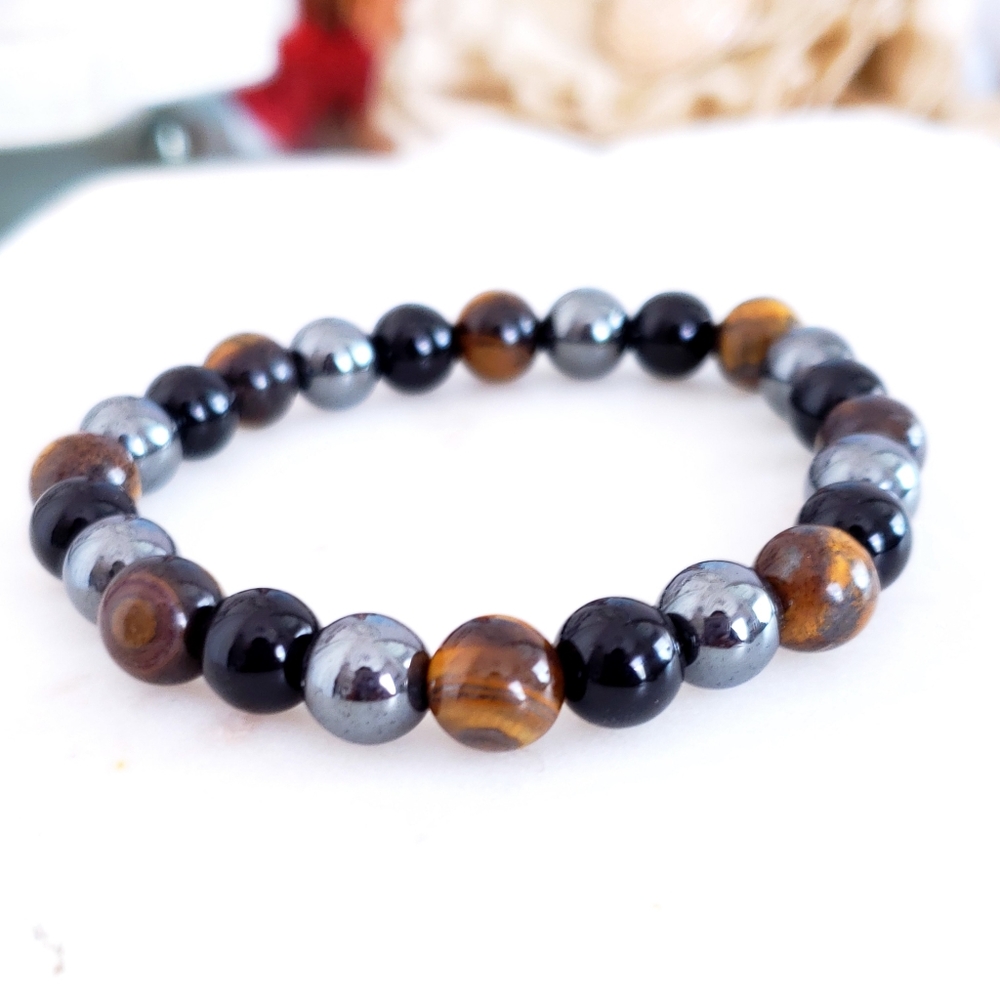 ❣Handmade Triple Protection Tiger's Eye, Hematite & Black Obsidian Bracelet ❣M/F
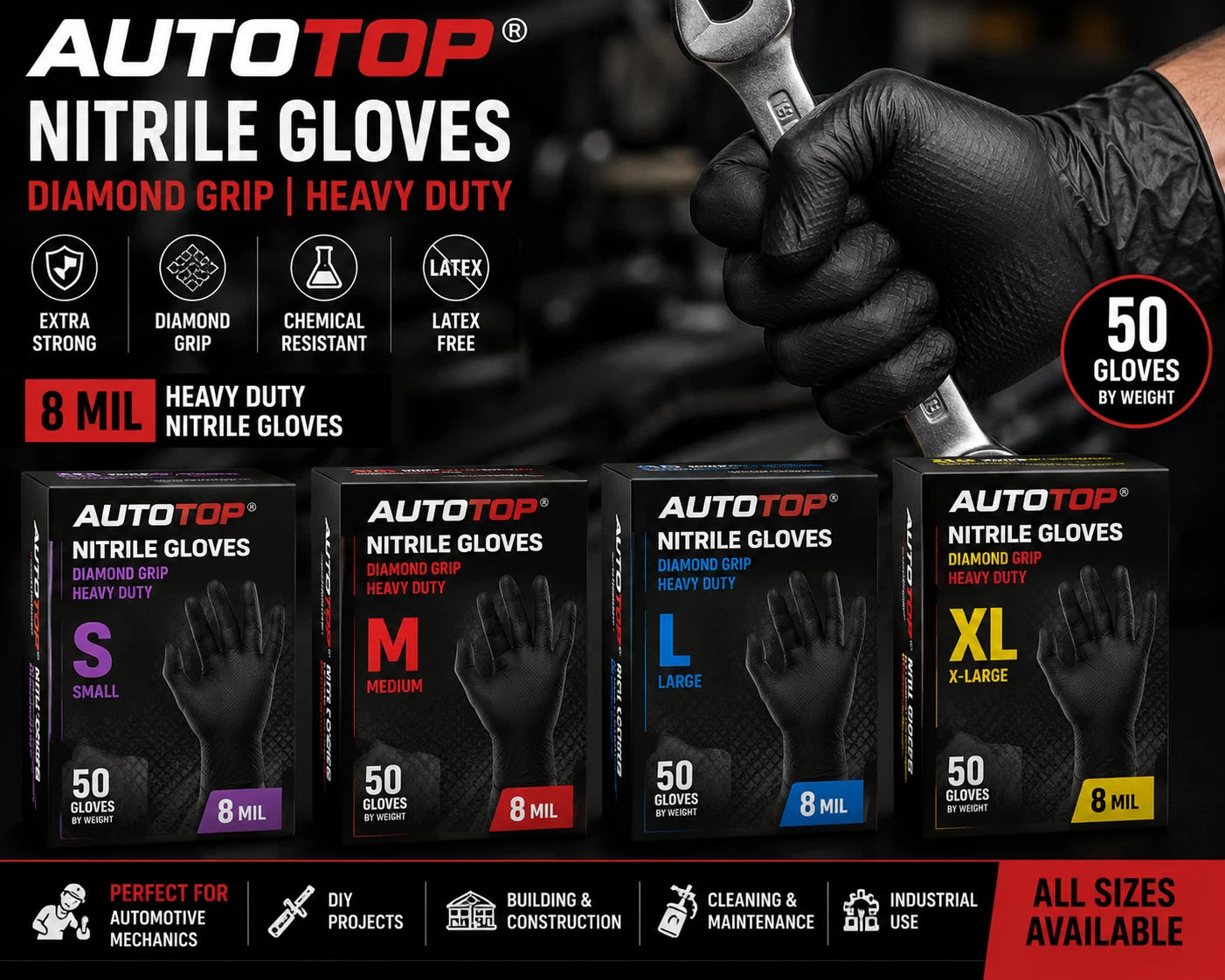 AutoTop 8 Mil Black Nitrile Gloves – Powder Free Disposable | Box of 50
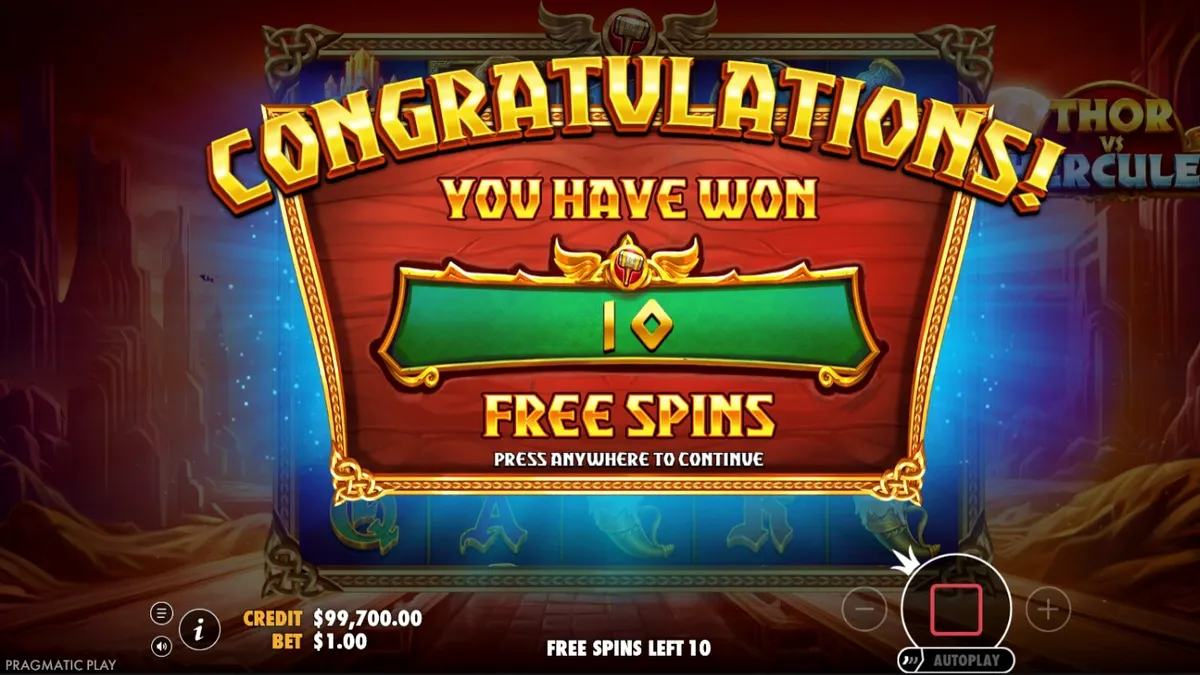 Thor vs Hercules slot game battle screen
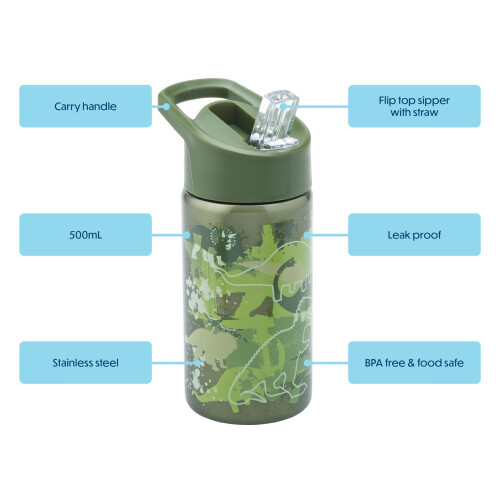 Smash Smash Stainless Steel Water Bottle 500ml - Dino 2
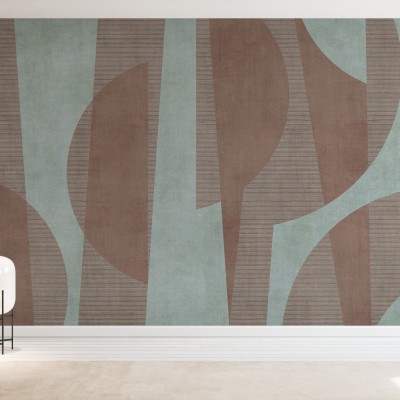 Tapet modern cu design abstract, in nuante de maro si verde, cu linii subtile.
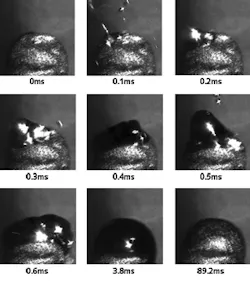 FIGURE 1. A sequence of images from the Surfi-sculpt process was shot using a high-speed camera and copper-vapor laser. A 1070 nm laser melts the steel surface and moves the molten material into a column. Significant amounts of light are emitted by the hot plasma surrounding the event, but this is removed by a short camera exposure and suitable bandpass filters. FIGURE 1. A sequence of images from the Surfi-sculpt process was shot using a high-speed camera and copper-vapor laser. A 1070 nm laser melts the steel surface and moves the molten material into a column. Significant amounts of light are emitted by the hot plasma surrounding the event, but this is removed by a short camera exposure and suitable bandpass filters.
************
AIM OF THE EXERCISE -> Print the data above exactly, from its first line to the line bearing "Tapet modern cu" inclusive, and keep pictures out of the result.

REPLY TO THE EXERCISE ->
 ❣Handmade Triple Protection Tiger's Eye, Hematite & Black Obsidian Bracelet ❣M/F
 AutoTop 8 Mil Black Nitrile Gloves – Powder Free Disposable | Box of 50
 Thor vs Hercules slot game battle screen
 Smash Smash Stainless Steel Water Bottle 500ml - Dino 2
 Tapet modern cu design abstract, in nuante de maro si verde, cu linii subtile.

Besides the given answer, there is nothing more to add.